1.世界は気候危機や感染症の脅威という深刻な危機に直面している。加えて、国家間の対立の先鋭化やそれに起因するエネルギー価格の高騰等、世界が抱える問題はさらに複雑化している。
これらの課題に立ち向かい、将来にわたって公正で持続可能な社会を実現していくためには、人々の生活に密接に関わり対応の最前線に立つ都市が国家間の違いを超えて連携し、その知恵と経験を結集していくことが不可欠であり、今こそ具体的に取り組むべき時である。
誰もが取り残されることのない経済成長の達成、そして国境を越える争いや災害による被害者への支援の重要性に留意し、私たちは、都市の都市による都市のためのネットワークである G-NETS を通じて継続的に交流し、平和的で安定的な世界を希求するとともに、このコミュニケに掲げた都市として共通して取り組むべき課題について相互に知見を共有し、関係を構築するとともに、スタートアップ等多様な主体の知見も活用することで、持続可能な社会の実現に向けて重要な役割を果たしていく。
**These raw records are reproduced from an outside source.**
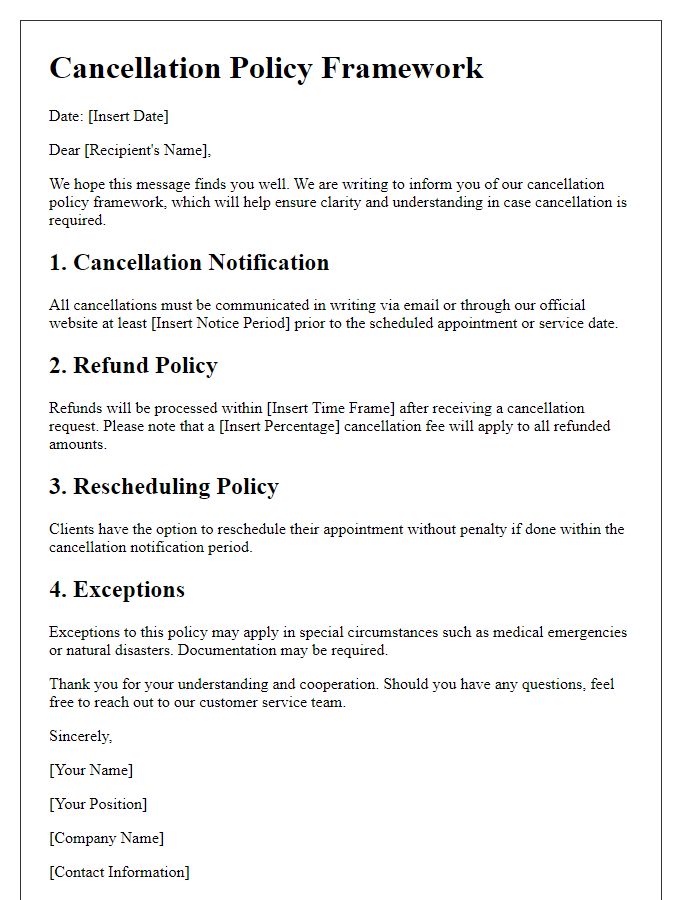 Letter template of cancellation policy framework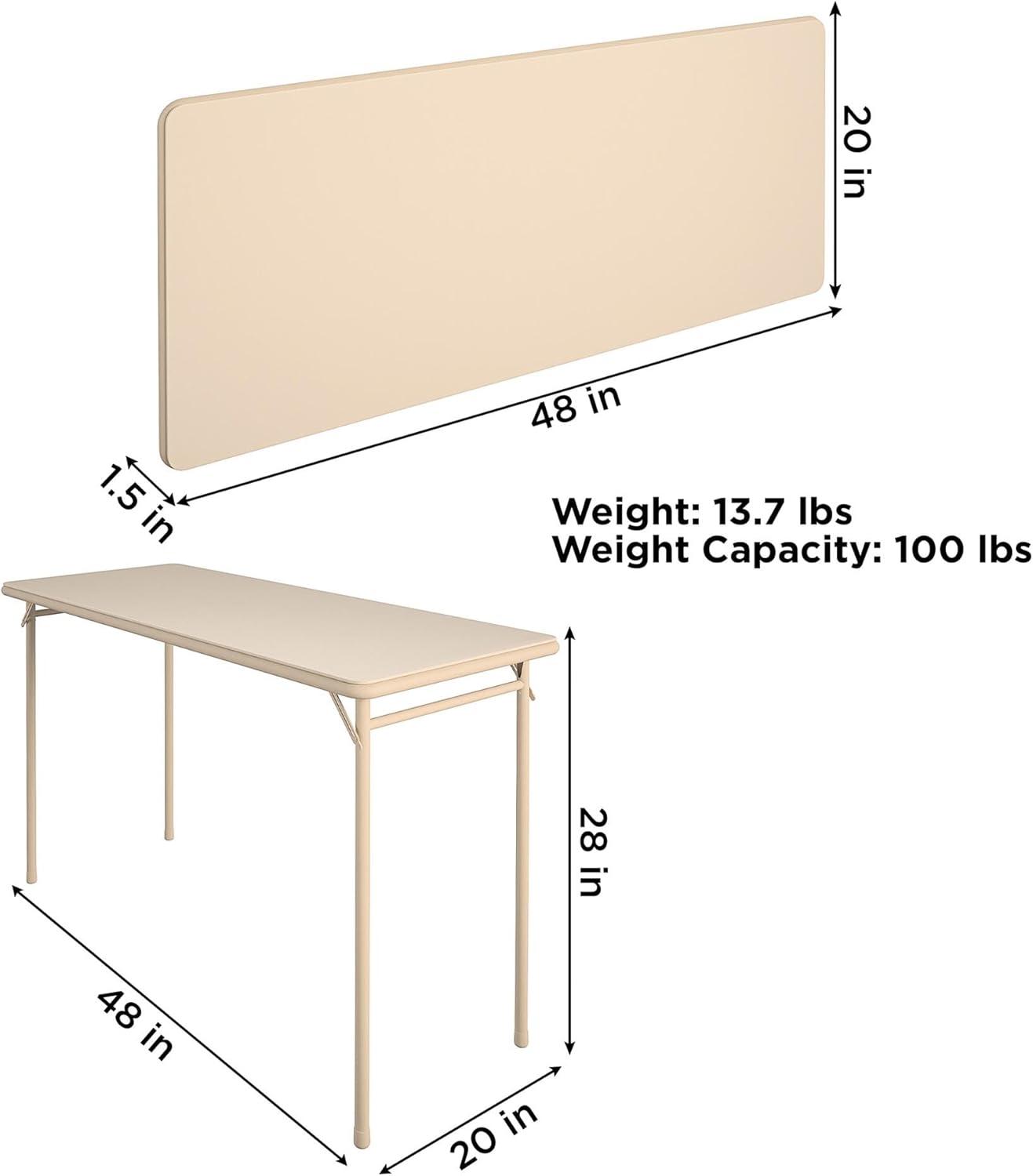 COSCO 20" x 48" Vinyl Top Serving Folding Table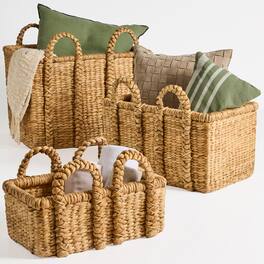 Best Choice Products - 3Pc Shelf Baskets, Small, Large and XL Chunky Woven Wicker Baskets w/ Braided Handles - Natural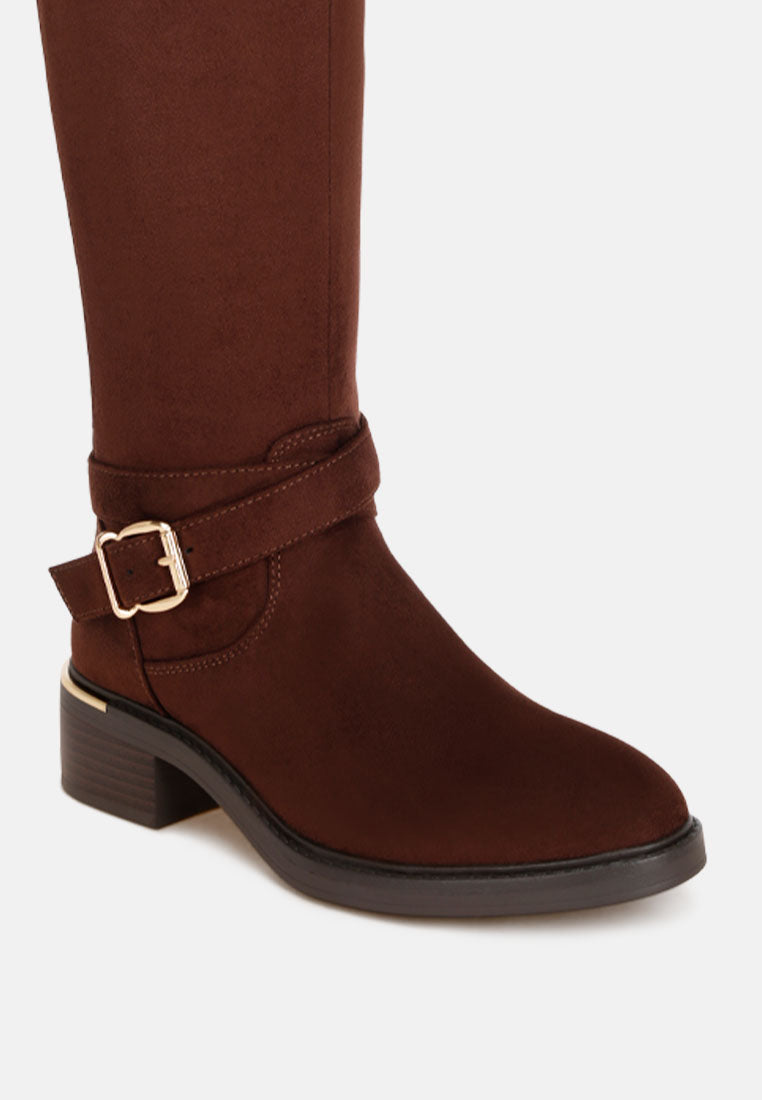 basheba buckle strap knee-high boots#color_brown-suede
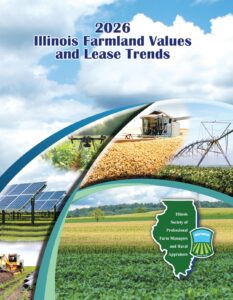 Land Values report cover, farmland images with title "2026 Illinois Farmland Values and Lease Trends"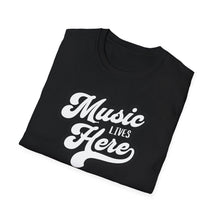 Load image into Gallery viewer, SS T-Shirt, Music Lives Here White - Multi Colors
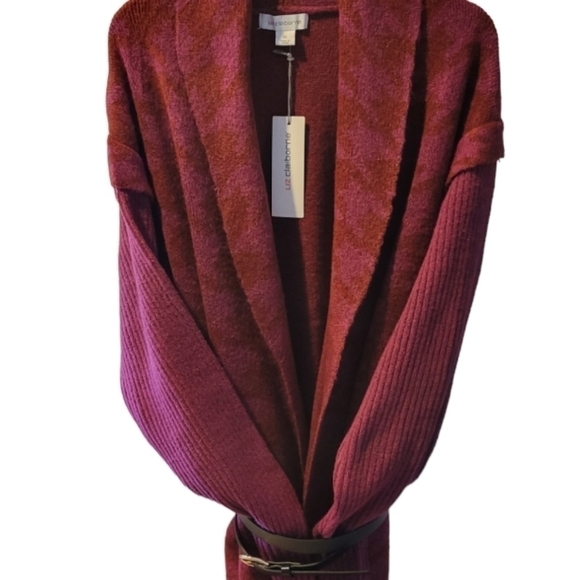 NEW! LIZ CLAIBORNE open belted sweater cardigan XL. - Picture 2 of 6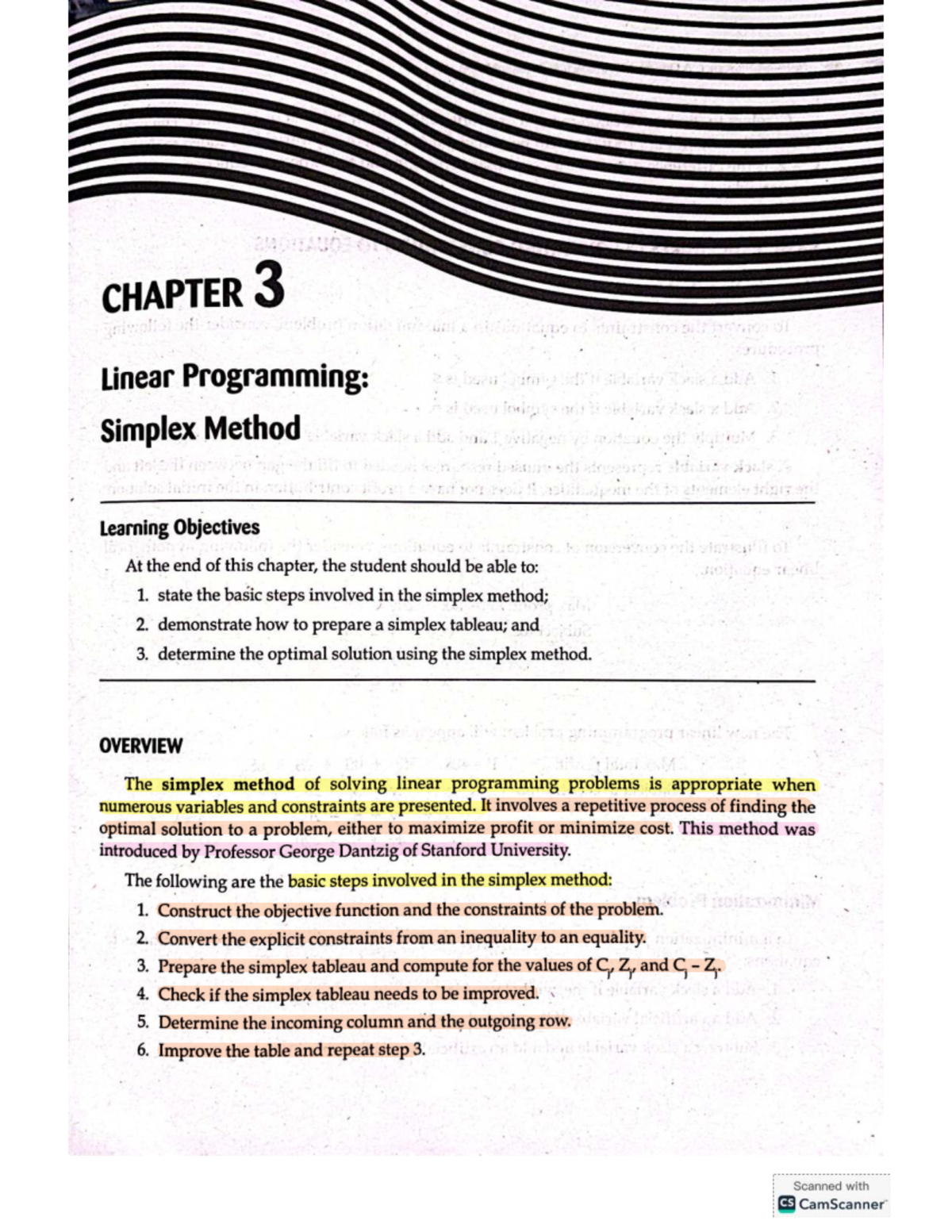 CHAPTER 3 Linear Programming: Simplex Method Overview and Steps - Studocu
2. 2023 年2月及び3月、私たちは日本の東京で「コロナ後を見据えた公正で持続可能な社会の実現」をテーマとした国際会議 G-NETS Leaders Summit を開催し、34 都市のリーダーが3日間にわたり議論を行った。
コロナ禍からの復興は、コロナ禍以前の社会に戻るのではなく、より公正で、持続可能な社会を目指す機会ともなる。気候危機や新型コロナウイルス感染症等、世界共通の課題による社会の変化を①人々のつながり、②安全安心、③都市を取り巻く環境の3つの視点から捉え、私たちは、「包摂・公正な社会の実現」「安全安心な都市づくり」「環境問題への対応」に向けた取り組みを進めていく。

(包摂・公正な社会の実現)

3.多様性は「人」の個性を活かすとともに、新たな価値を生み出すイノベーションの原動力である。その多様性を包摂する共生社会を創り上げることは、一人ひとりが輝く未来を形作るうえで大変重要である。そのため、私たちは社会の中で脆弱な立場にいる方々に光を当て、市民の参加を得ながら、健康長寿社会、ジェンダー平等、バリアフリーの推進や、スポーツの推進、文化振興、都市間の若年世代交流、多文化共生の実現に取り組んでいく。

4.健康長寿社会の実現:
世界の総人口に占める 65 歳以上の割合は、2015 年の 8.3%から、2060 年には 17.8%ま で上昇すると見込まれており、今後高齢化が急速に進展し、グローバルなテーマとなることが想定される。一方、一部の地域では高齢化社会に向けた準備が整っていない状況にある。そのため、私たちは、あらゆる世代が健康・長寿で暮らせる社会を目指し、特に高齢者の社会参加や生活支援、教育支援、医療支援に取り組み、健康長寿社会の実現を目指していく。

5.ジェンダー平等の実現:
過去数十年で女性を取りまく環境は改善し、教育や保健の分野でジェンダー格差は縮小したものの、未だ世界で数多くの女性が社会参画や経済的地位の面で不利な状況に直面している。性別に関係なくすべての人の人権を実現するために、女性の活躍・社会進出推進と女性のエンパワーメントに取り組んでいく。

6.バリアフリーの推進:
人々の精神的・身体的な障壁を取り除き、生活しやすい環境を整えるための、都市の役割は大きく、公共施設や公共交通機関におけるバリアフリーの推進が求められる。一方、グローバル全体においてはバリアフリーの推進には地域差が見られ、一部の地域においては充分な環境が整備されていないといえる。そのため、私たちは、都市間の連携を強め、バリアフリーの推進に取り組んでいく。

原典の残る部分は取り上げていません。